Al di là della pur giustificata retorica sulla vittoria della democrazia sulla tirannide, quando si afferma l’impero americano se non con la Seconda guerra mondiale, dalla quale gli Stati Uniti escono vittoriosi, con l’economia in vorticosa crescita, senza subire le perdite immani e le distruzioni inflitte dai tedeschi alla Gran Bretagna e all’Unione Sovietica?
Di quell’egemonia mondiale Capitan America è in fondo uno degli artefici a livello ideologico con la sua impostazione manichea: coloro che affronta sono sempre brutti ceffi spietati e il suo nemico nazista più accanito, il Teschio Rosso, indossa una maschera a forma di cranio umano che lo rende mostruoso (ricorderete che qualche tempo fa il fumettista Art Spiegelman ha bollato come Teschio Arancione, per via della zazzera, il detestato Donald Trump).
Dopo la vittoria del 1945 Capitan America perde mordente, poi si eclissa: l’ultimo albo esce nel 1950. E il tentativo di rivitalizzare l’eroe con lo scudo in funzione della Guerra fredda quale commie smasher («flagello dei comunisti») non ha successo. Anzi molti anni più tardi si scoprirà che il protagonista di quelle avventure contro il «pericolo rosso» non era il vero Steve Rogers, ma un impostore, tale William Burnside.
Nel frattempo è cominciata la nuova era della Marvel. Alle matite c’è ancora l’ottimo Kirby, alle trame il vulcanico Stan Lee. E nel 1964, in un albo della serie The Avengers, rinasce Capitan America. O meglio viene rintracciato da quel gruppo di eroi, congelato ma vivo, in un blocco di ghiaccio, dove l’ibernazione lo ha mantenuto giovane. Gli Avengers hanno trovato un leader e l’America riabbraccia il suo eroe, che più tardi avrà un albo tutto per sé.

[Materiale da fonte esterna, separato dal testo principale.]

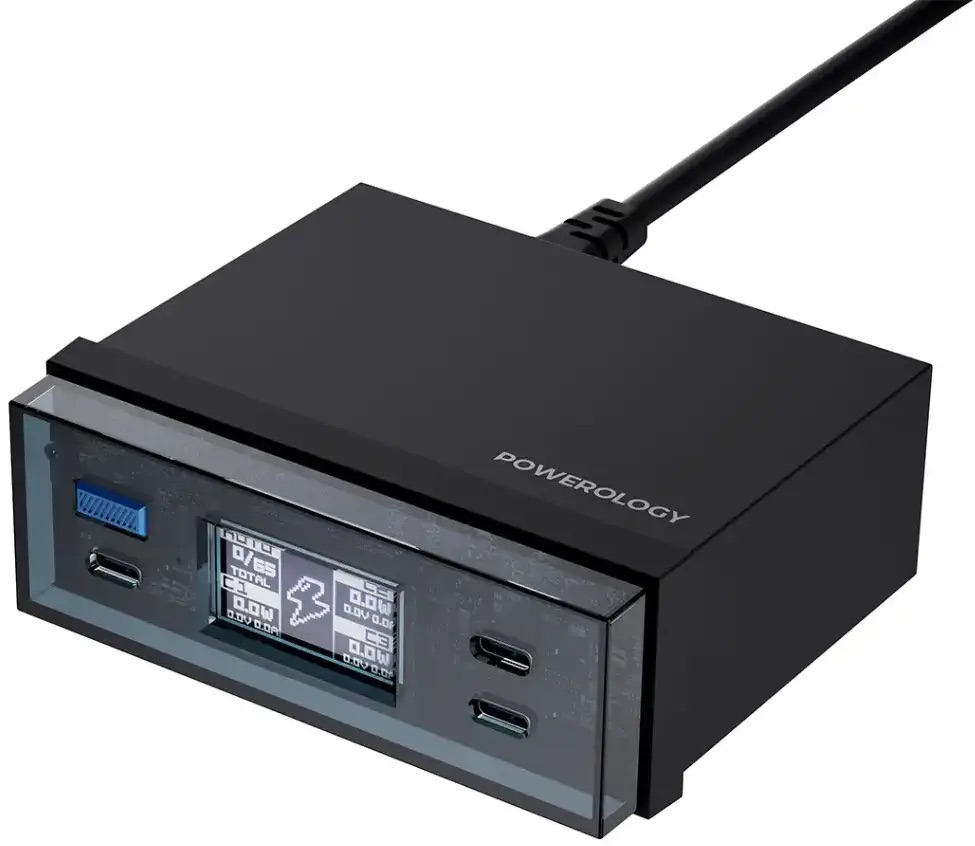 Powerology Power Hub Desktop Charging Station ,Pwcuqc048Bk,Black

Impossibile seguire qui le tormentate vicissitudini di Capitan America e dei personaggi di contorno, che il libro di Rizzo ripercorre in dettaglio fino ai nostri giorni. A Steve Rogers, spesso affiancato dal primo supereroe afroamericano Falcon, ne succedono di tutti i colori. Si batte di nuovo con il Teschio Rosso (sopravvissuto alla fine del Terzo Reich), si ritira e ritorna, muore e risorge. Il dato di fondo però è la sua fedeltà non all’establishment degli Stati Uniti, che spesso nelle sue storie risulta infiltrato e corrotto, ma al sogno americano, un ideale che trascende gli uomini e le istituzioni.
Non a caso nella saga Civil War Capitan America si schiera contro il governo e guida i supereroi che ne rifiutano il controllo, mentre la fazione opposta è capeggiata da Iron Man. Proprio qui però risiede la sua vocazione imperiale. Nell’attribuirsi una missione di carattere universale, forgiata negli Stati Uniti, ma rivolta all’intera umanità. Al manicheismo originale, non riproponibile, è subentrata una più sottile e per molti versi sofferta pretesa egemonica, nella quale, anche senza scomodare Antonio Gramsci, non è difficile riconoscere il marchio del potente soft power americano.